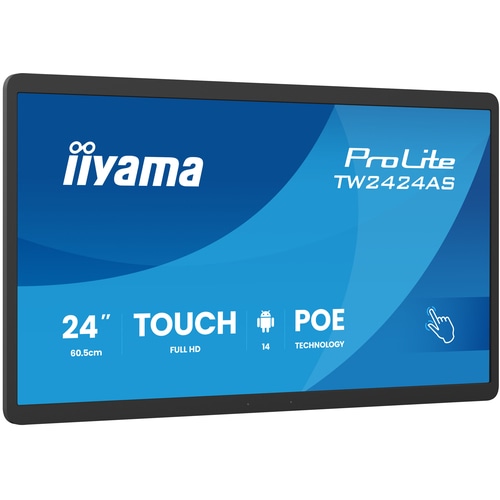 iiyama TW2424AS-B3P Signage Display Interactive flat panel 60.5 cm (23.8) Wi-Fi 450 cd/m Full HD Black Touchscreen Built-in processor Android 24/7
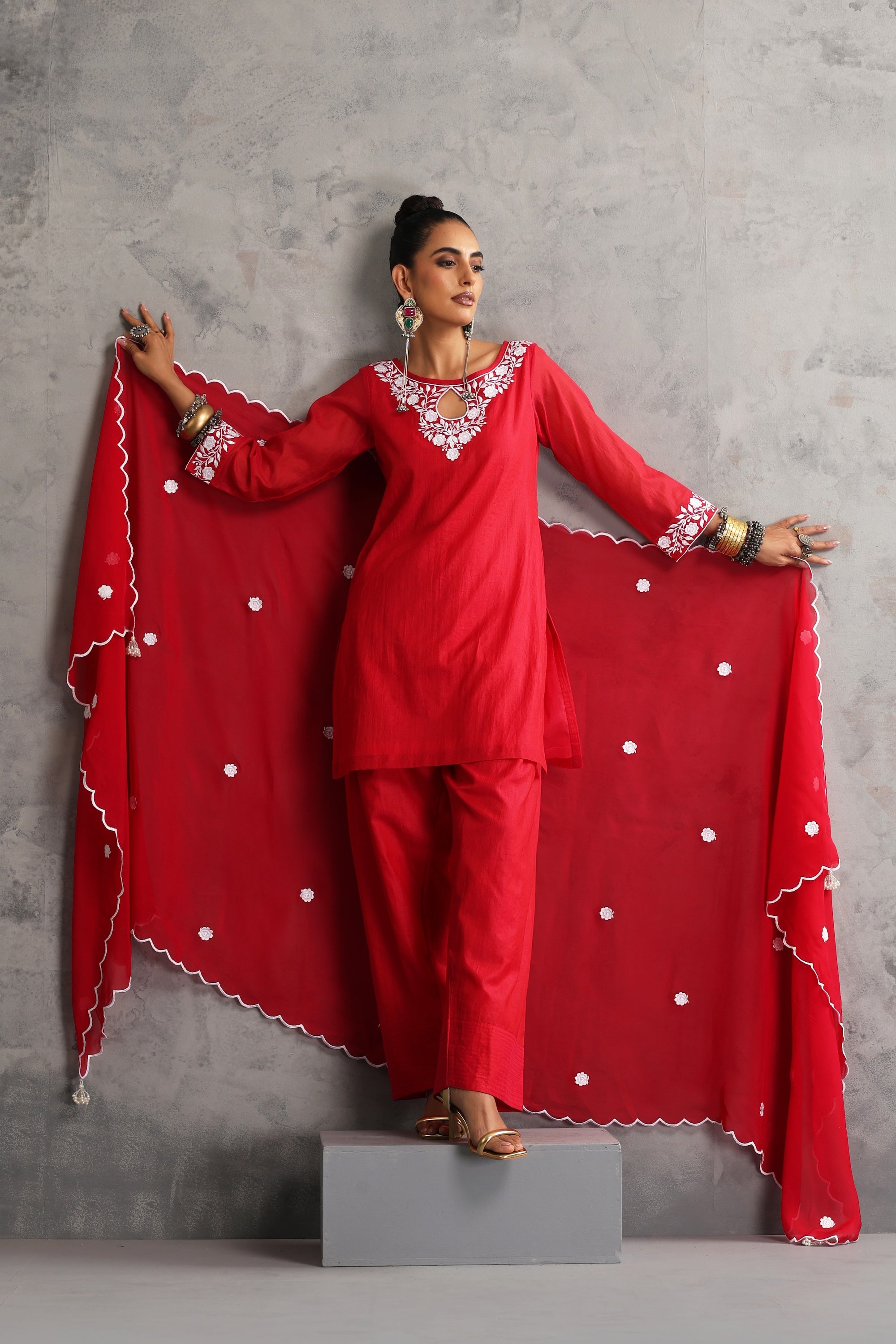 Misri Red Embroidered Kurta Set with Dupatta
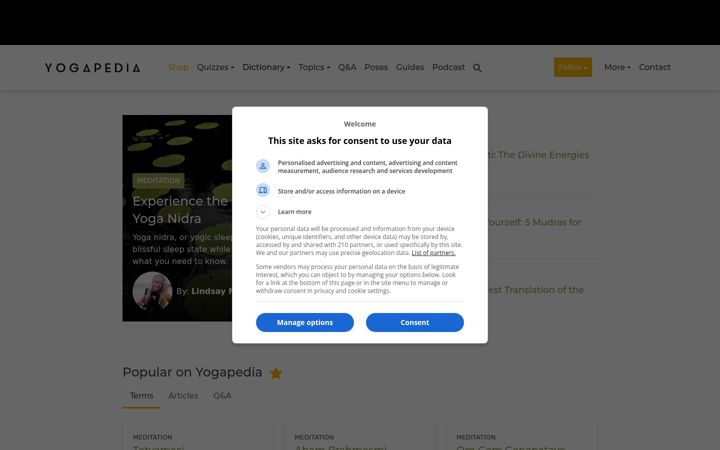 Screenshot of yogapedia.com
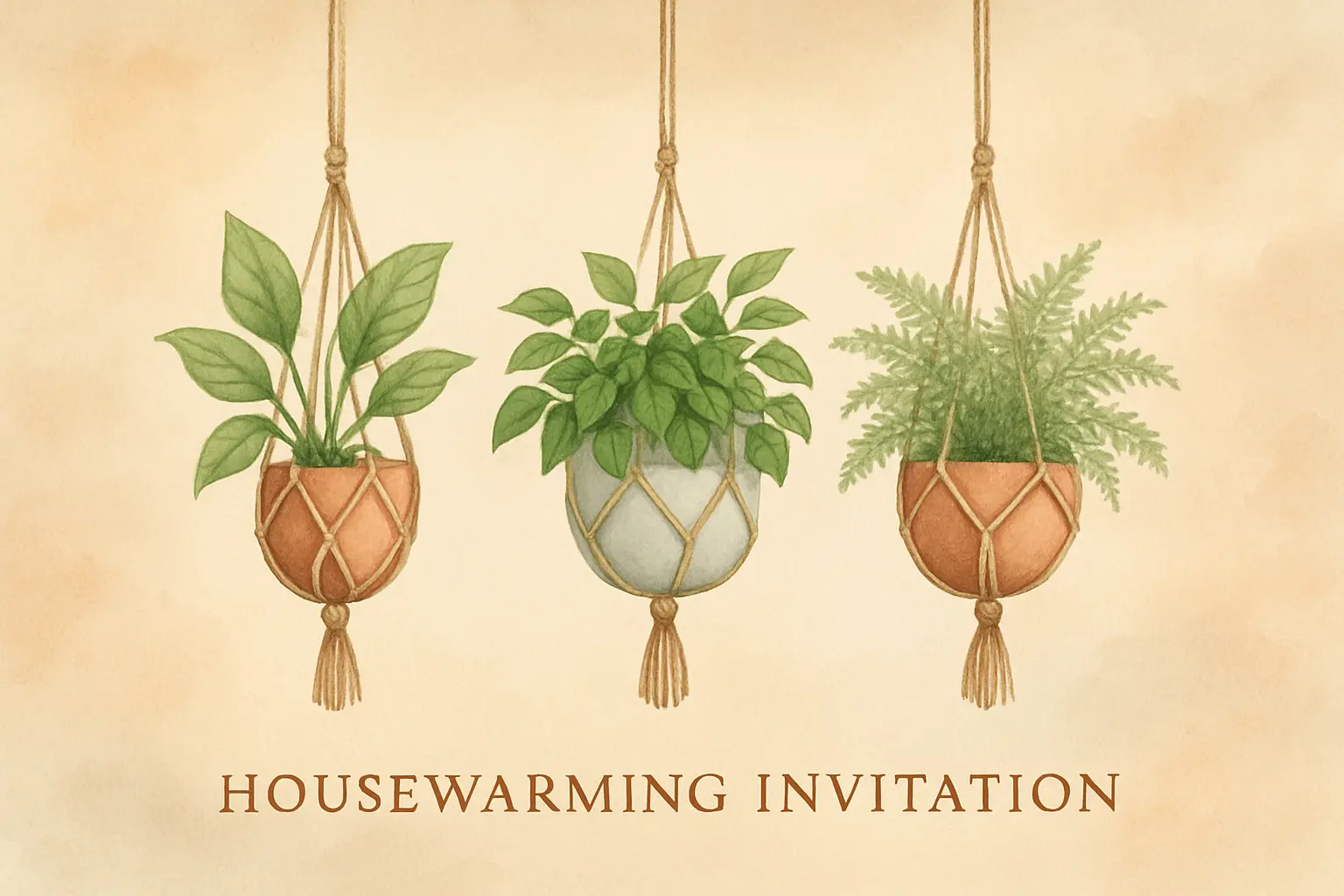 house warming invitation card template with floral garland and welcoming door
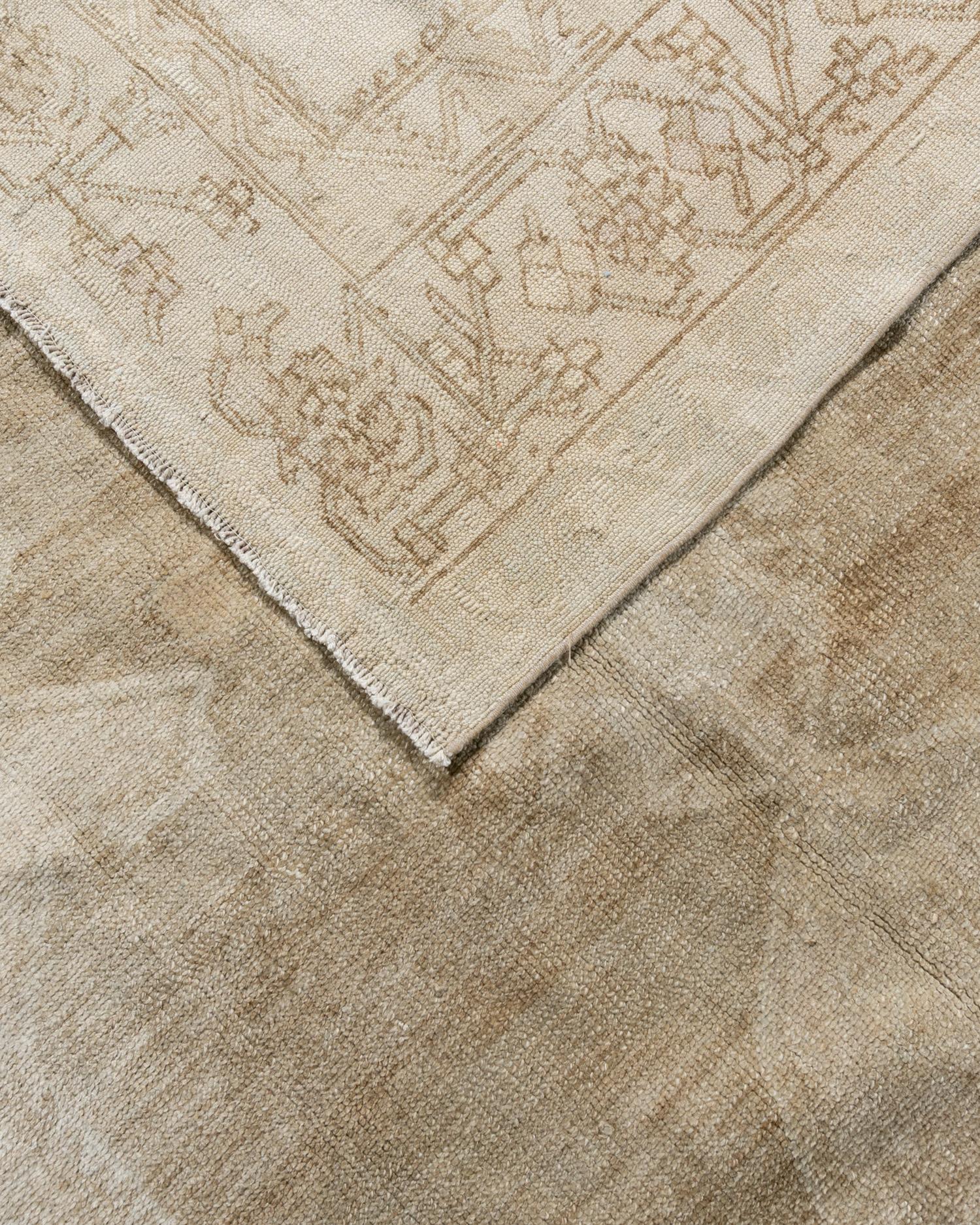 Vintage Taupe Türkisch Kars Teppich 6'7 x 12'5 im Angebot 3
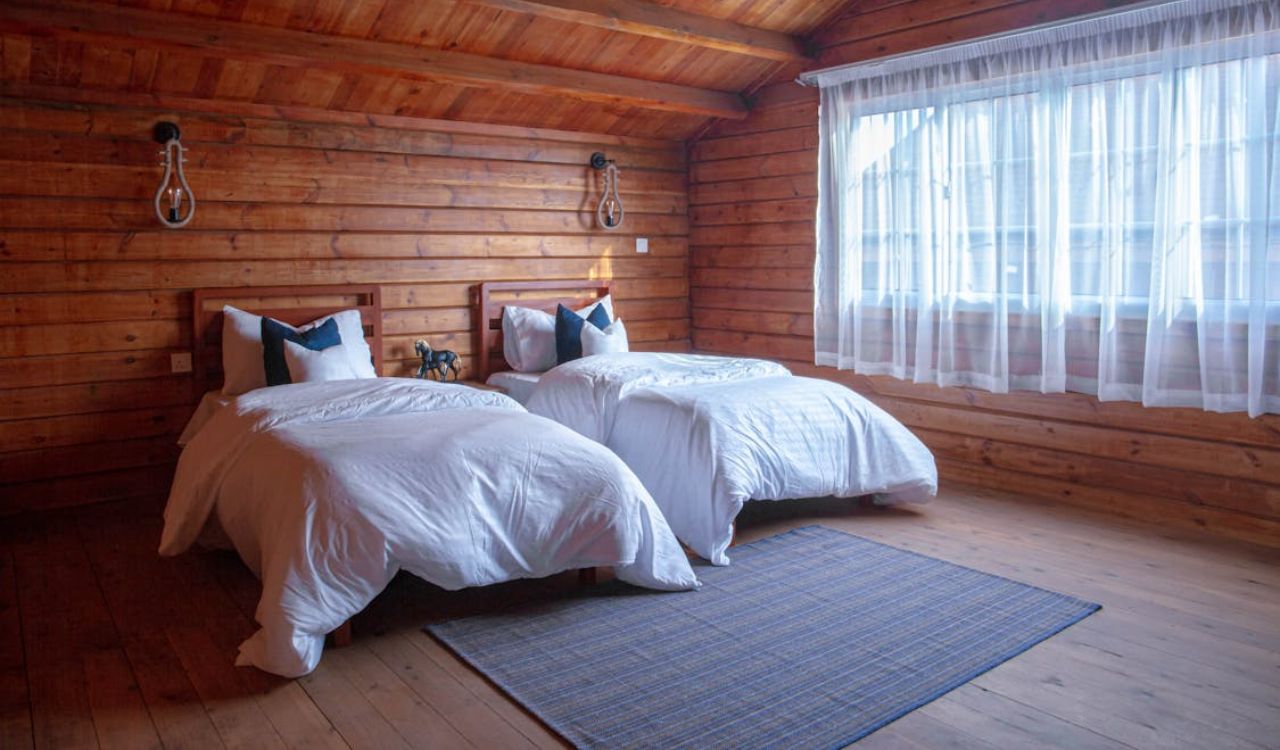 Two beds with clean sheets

■ **Problem**:
Make an exact reproduction of the listing above, without any pictures.

■ **Answer**:
 iiyama TW2424AS-B3P Signage Display Interactive flat panel 60.5 cm (23.8) Wi-Fi 450 cd/m Full HD Black Touchscreen Built-in processor Android 24/7
 Misri Red Embroidered Kurta Set with Dupatta
 Screenshot of yogapedia.com
 house warming invitation card template with floral garland and welcoming door
 Vintage Taupe Türkisch Kars Teppich 6'7 x 12'5 im Angebot 3
 Two beds with clean sheets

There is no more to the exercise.